The Wife and the Widow, Christian White, Australia, 2020

The Wife and the Widow, Christian White, Australia, 2020

This tale of intrigue, lies and murder is a good lightweight read, a book to pick up in between more serious books, or a book to read when entertainment is looked for more than reality. Reality is definitely not one of the book’s main priorities.

Not wanting to ruin the story, I will skip the synopsis. Perhaps it is sufficient to say that the story circles around two families – in particular two women, Kate and Abby – and covers a period of more than twenty years. Kate’s husband, John, a doctor, disappears after, or during, a business trip to England: has he simply been delayed? Has he left her? Is he dead? The police become involved, and it becomes apparent that John never made a trip anywhere. Kate and her father-in-law travel to Belport Island where the family own a small holiday cottage. Perhaps the answer is somehow connected to the island?

Abbey, dejected and depressed, lives on the island with her husband and two children. Bit by bit the lives of the two women become intertwined, and lies and secrets are uncovered. About two-thirds through there is a time-twist, which had me rifling through pages at the beginning of the book, wondering if perhaps I had missed something (which I hadn’t).

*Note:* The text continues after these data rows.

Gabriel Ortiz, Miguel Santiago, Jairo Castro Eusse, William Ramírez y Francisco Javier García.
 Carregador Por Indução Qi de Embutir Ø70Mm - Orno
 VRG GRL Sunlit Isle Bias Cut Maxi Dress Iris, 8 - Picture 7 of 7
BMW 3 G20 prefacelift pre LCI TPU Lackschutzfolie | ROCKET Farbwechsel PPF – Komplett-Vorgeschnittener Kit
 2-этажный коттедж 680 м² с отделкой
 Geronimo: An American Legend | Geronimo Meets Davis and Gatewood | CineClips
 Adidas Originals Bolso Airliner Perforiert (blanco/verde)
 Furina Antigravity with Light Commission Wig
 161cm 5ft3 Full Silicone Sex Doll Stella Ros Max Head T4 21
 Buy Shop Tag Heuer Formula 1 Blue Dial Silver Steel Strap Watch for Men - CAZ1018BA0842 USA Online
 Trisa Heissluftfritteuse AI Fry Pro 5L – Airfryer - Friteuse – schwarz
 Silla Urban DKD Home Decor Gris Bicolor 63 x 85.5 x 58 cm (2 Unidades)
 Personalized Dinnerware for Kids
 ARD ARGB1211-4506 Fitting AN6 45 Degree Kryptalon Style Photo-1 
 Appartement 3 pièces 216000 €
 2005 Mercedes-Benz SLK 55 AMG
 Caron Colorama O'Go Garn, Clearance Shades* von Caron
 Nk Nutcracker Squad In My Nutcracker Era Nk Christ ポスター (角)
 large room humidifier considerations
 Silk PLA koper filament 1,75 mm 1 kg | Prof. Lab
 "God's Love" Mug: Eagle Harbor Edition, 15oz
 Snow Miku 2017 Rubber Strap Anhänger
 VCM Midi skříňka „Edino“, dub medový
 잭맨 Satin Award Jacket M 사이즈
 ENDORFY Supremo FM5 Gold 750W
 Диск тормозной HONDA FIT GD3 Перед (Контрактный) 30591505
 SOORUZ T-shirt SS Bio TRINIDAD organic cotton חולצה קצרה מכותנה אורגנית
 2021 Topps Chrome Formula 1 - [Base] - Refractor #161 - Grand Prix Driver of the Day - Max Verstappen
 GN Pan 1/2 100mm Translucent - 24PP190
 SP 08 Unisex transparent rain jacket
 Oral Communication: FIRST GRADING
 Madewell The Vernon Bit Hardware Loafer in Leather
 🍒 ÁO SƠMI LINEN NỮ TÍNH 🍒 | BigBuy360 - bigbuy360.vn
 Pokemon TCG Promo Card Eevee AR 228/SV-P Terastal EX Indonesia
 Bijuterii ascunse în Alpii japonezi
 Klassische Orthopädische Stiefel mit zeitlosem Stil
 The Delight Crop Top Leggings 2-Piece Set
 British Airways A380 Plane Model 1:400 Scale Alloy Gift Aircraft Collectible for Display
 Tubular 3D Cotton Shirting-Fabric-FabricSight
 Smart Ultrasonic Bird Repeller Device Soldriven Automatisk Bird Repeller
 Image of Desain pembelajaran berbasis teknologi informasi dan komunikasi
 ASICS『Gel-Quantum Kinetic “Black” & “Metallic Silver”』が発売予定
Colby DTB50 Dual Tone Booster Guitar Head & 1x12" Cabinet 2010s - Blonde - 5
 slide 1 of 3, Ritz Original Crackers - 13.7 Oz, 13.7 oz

Image from Australian Geographic

Set partly in Melbourne but mainly on the fictional island of Belport off the south coast of Victoria, much of the atmosphere is grey and cold, due to wet, winter weather and a lack of proper heating. That Abby has taxidermy as a hobby (with a mini-fridge filled with dead animals), does nothing to lift the general feeling of misery. I can understand that the wet, cold, dead-animal atmosphere is simply a way of emphasizing the dark side of the story, but, as the story lacks any substantial depth, the ‘atmosphere’ almost caused me to close the book and look for something else to read.

The characters are lightly sketched and not always completely believable. The out-of-sync religious fervour of the mother-in-law, and the alpha-male attitude of the father-in-law seem almost superfluous to the story, and although the story is held together by the two women, Kate and Abby, we are not given very much information as to their actual appearance, beyond the fact that Abby is frumpily dressed and that Kate is her direct opposite.

Image from domain.com.au

I am aware that The Wife and the Widow (White’s second novel) has received many positive reviews, and I am also aware that people look for, and find, different things in a novel, depending on who they are and what they want at that particular moment in time. Even had I not known that White is a screenwriter, my feeling throughout the book was that The Wife and the Widow is simply waiting for the right actors, the right cinematographer and the right music to give balance to the story and bring it all to life. The fact that it is more of a screenplay than a novel explains the sketchy characterization and the asides (as with the grandparents) leading nowhere in particular.

No doubt the film is already in the pipeline.